Fue así, como, a los 65 años de edad, durante su séptimo viaje a la América del Norte, finalizó su carrera en la tierra, una vida escogida con Cristo en Dios y derramada en un sacrificio de amor por los hombres. El día antes de fallecer tuvo que esforzarse para poder permanecer en pie. Sin embargo, al levantarse, en Exeter, ante un auditorio demasiado grande para caber dentro de ningún edificio, el poder de Dios vino sobre él y predicó como de costumbre, durante dos horas. Uno de los que asistieron dijo que “su rostro brillaba como el sol”. El fuego que se encendió en su corazón en el día de oración y ayuno de su separación para el ministerio, ardió hasta adentro de sus huesos y nunca se apagó (Jeremías 20:9).

Cierta vez un hombre eminente le dijo a Whitefield: “no espero que Dios llame pronto al hermano para la morada eterna, pero cuando eso suceda, me regocijaré al oír su testimonio”. El predicador le respondió: “entonces, usted va a sufrir una desilusión, puesto que voy a morir callado. La voluntad de Dios es darme tantas oportunidades para dar testimonio de Él durante mi vida que no me serán dadas otras a la hora de mi muerte”. Y su muerte fue tal como él la predijo.

Después del Sermón que predicó en Exeter, fue a Newburyport para pasar la noche en la casa del pastor. Al subir al dormitorio se dio vuelta en la escalera y con la vela en la mano pronunció un breve mensaje a sus amigos que allí estaban e insistían en que predicase.
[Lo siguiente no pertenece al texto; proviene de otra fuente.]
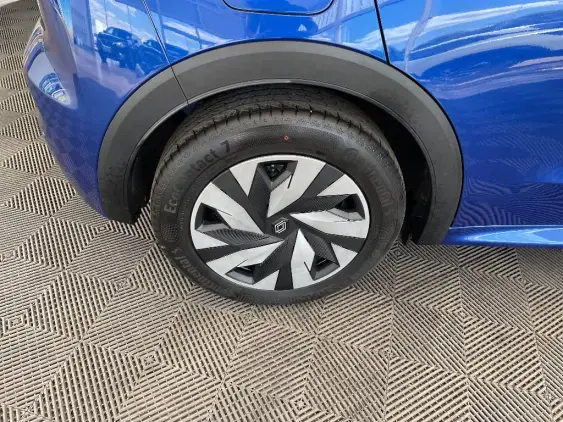 RENAULT CLIO VI - voiture de démonstration - Photo 25
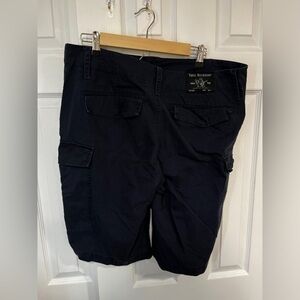 (Post-2017) True Religion Cargo Shorts size 34. Used and in good condition.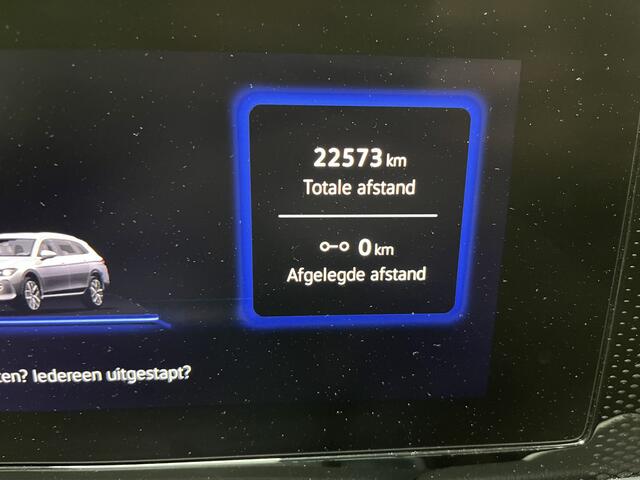 Volkswagen PASSAT Variant 1.5 eHybrid Business / AUTOMAAT/ TREKHAAK/ ACC/ PARK.SENSOREN V+A/ CAMERA/ STUUR+STOELVERWARM./ MASSAGE/ DODEHOEK/ HEAD-UP/ APP-CONNECT/ DIGITAL DASH/ DAB/ NAVI/ CLIMA/ LED/ 17'' LMV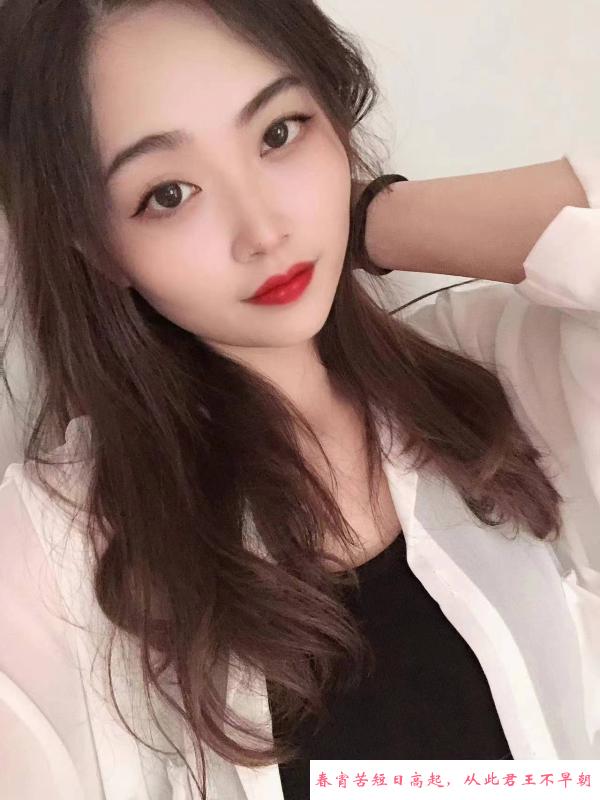 嘉禾小莉美女 第1张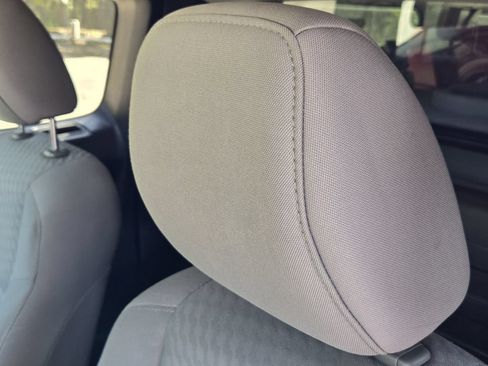 Used 2022 Toyota Tacoma SR RWD image 15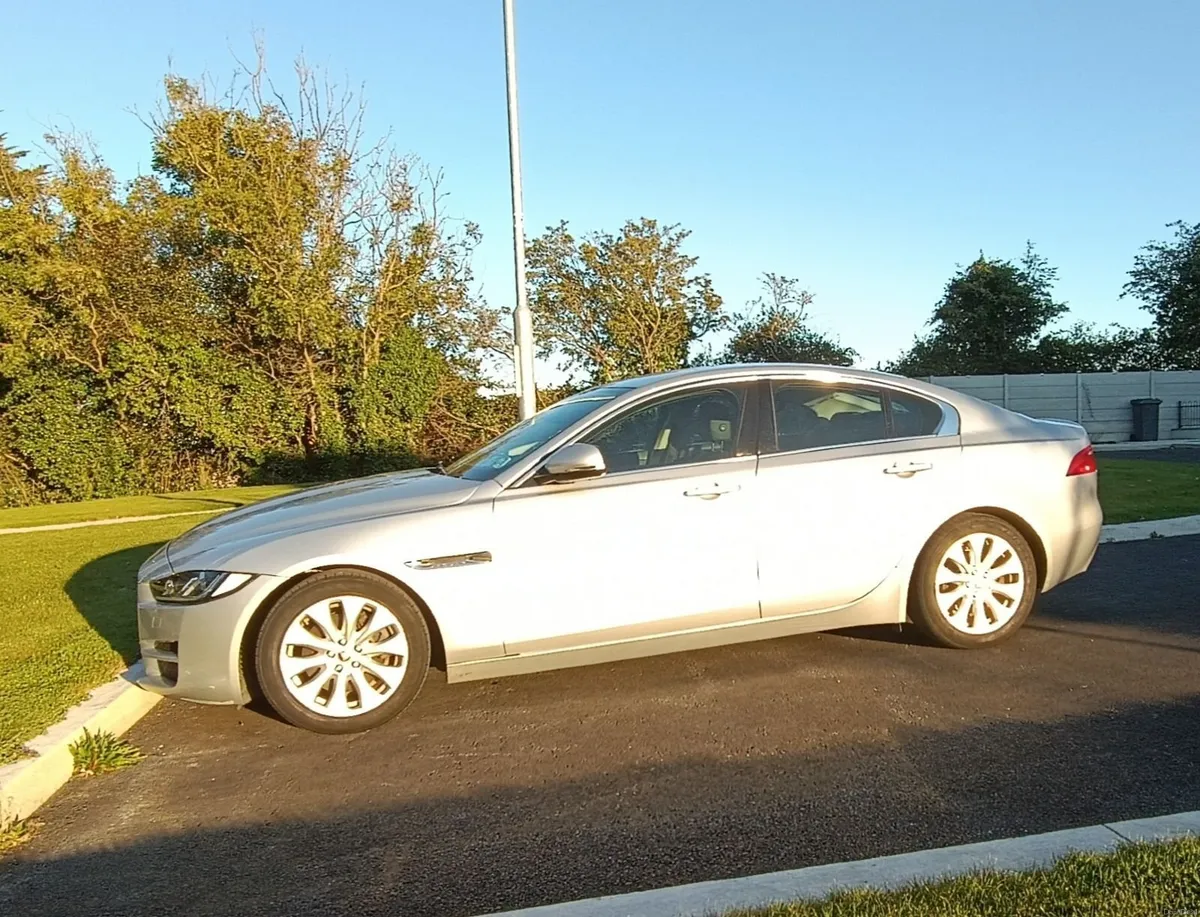Jaguar XE 2.0D Portfolio Automatic - Image 4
A las dos de la mañana se despertó. Le faltaba la respiración y le dijo a su compañero sus últimas palabras que pronunció en la tierra: “me estoy muriendo”. En su entierro, las campanas de las Iglesias de Newburyport doblaron y las banderas quedaron en media asta. Ministros de todas partes asistieron a sus funerales; millares de personas no consiguieron acercarse a la puerta de la Iglesia debido a la inmensa multitud. Cumpliendo su petición, fue enterrado bajo el púlpito de la Iglesia.

Si queremos recoger los mismos frutos de ser salvos a millares de nuestros semejantes, como lo vio Whitefield, debemos seguir su ejemplo de oración y dedicación.